TASK PROMPT: The lines to copy run from the one containing "Туры в отель Nexstay Oshin Wayanad Туры" to the end of the listing. Please write them out exactly, minus the pictures.

SOURCE DATA:
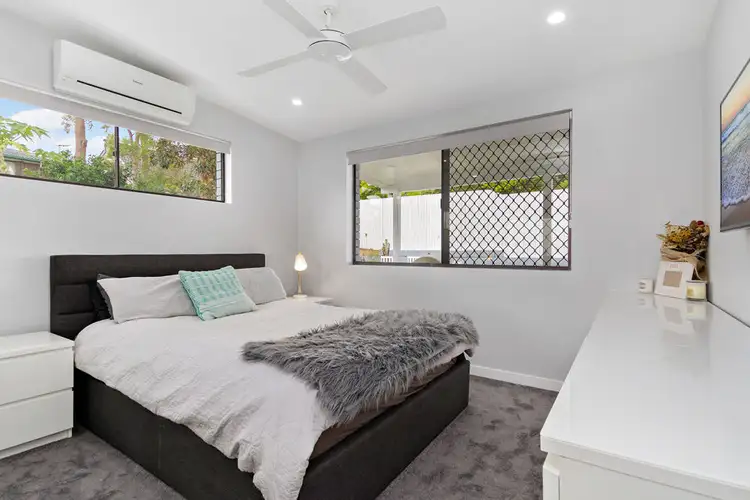 Sixth view of Homely house listing, 19 Finvoy Street, Ferny Grove QLD 4055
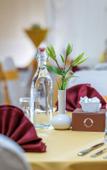 Туры в отель Nexstay Oshin Wayanad Туры в отель Nexstay Oshin Wayanad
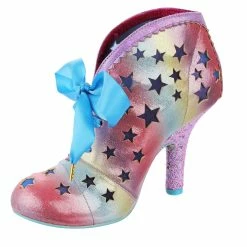 Sirius -IRREGULAR CHOICE Shop 3081 34D 22 5189ab10 2beb 48de 898b e0d51cfca679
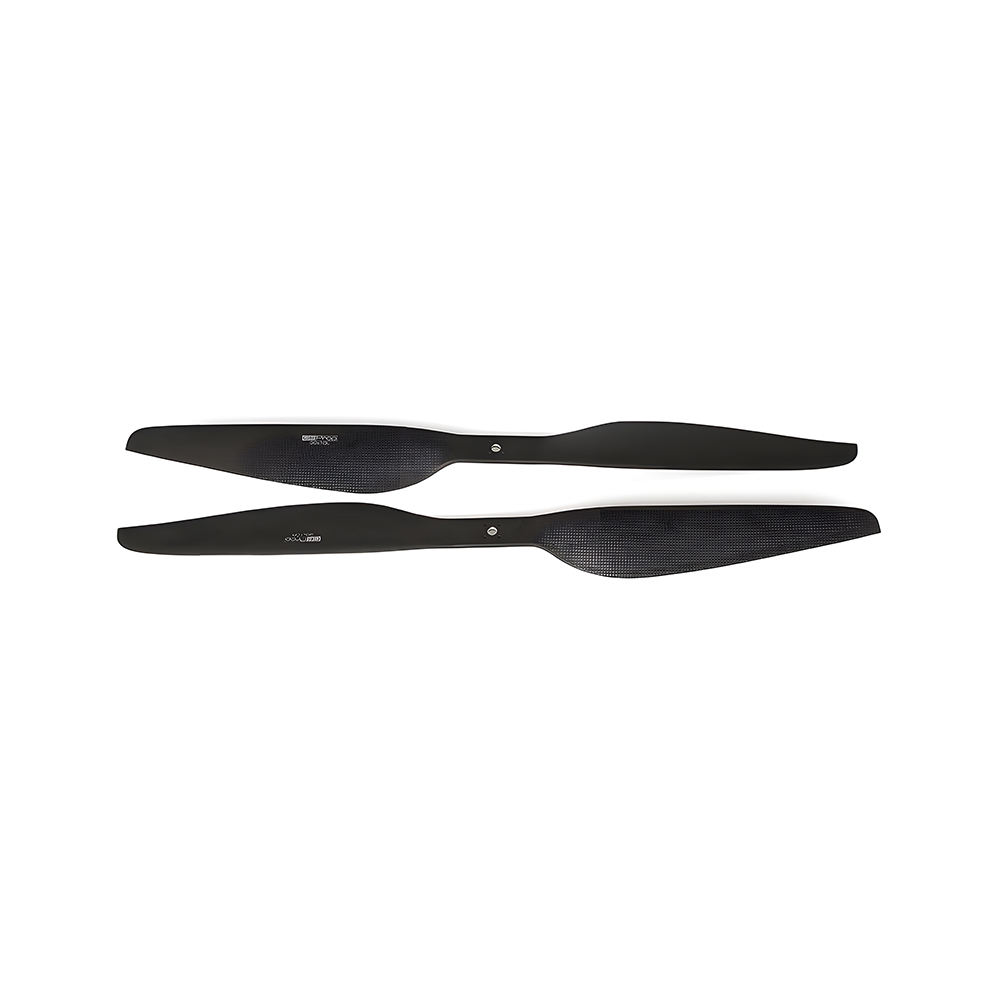 LIGPOWER P24*7.2 10mm gat gepo - Drone Propeller recensie en prijs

OUTPUT FOR THIS EXERCISE:
 Туры в отель Nexstay Oshin Wayanad Туры в отель Nexstay Oshin Wayanad
 Sirius -IRREGULAR CHOICE Shop 3081 34D 22 5189ab10 2beb 48de 898b e0d51cfca679
 LIGPOWER P24*7.2 10mm gat gepo - Drone Propeller recensie en prijs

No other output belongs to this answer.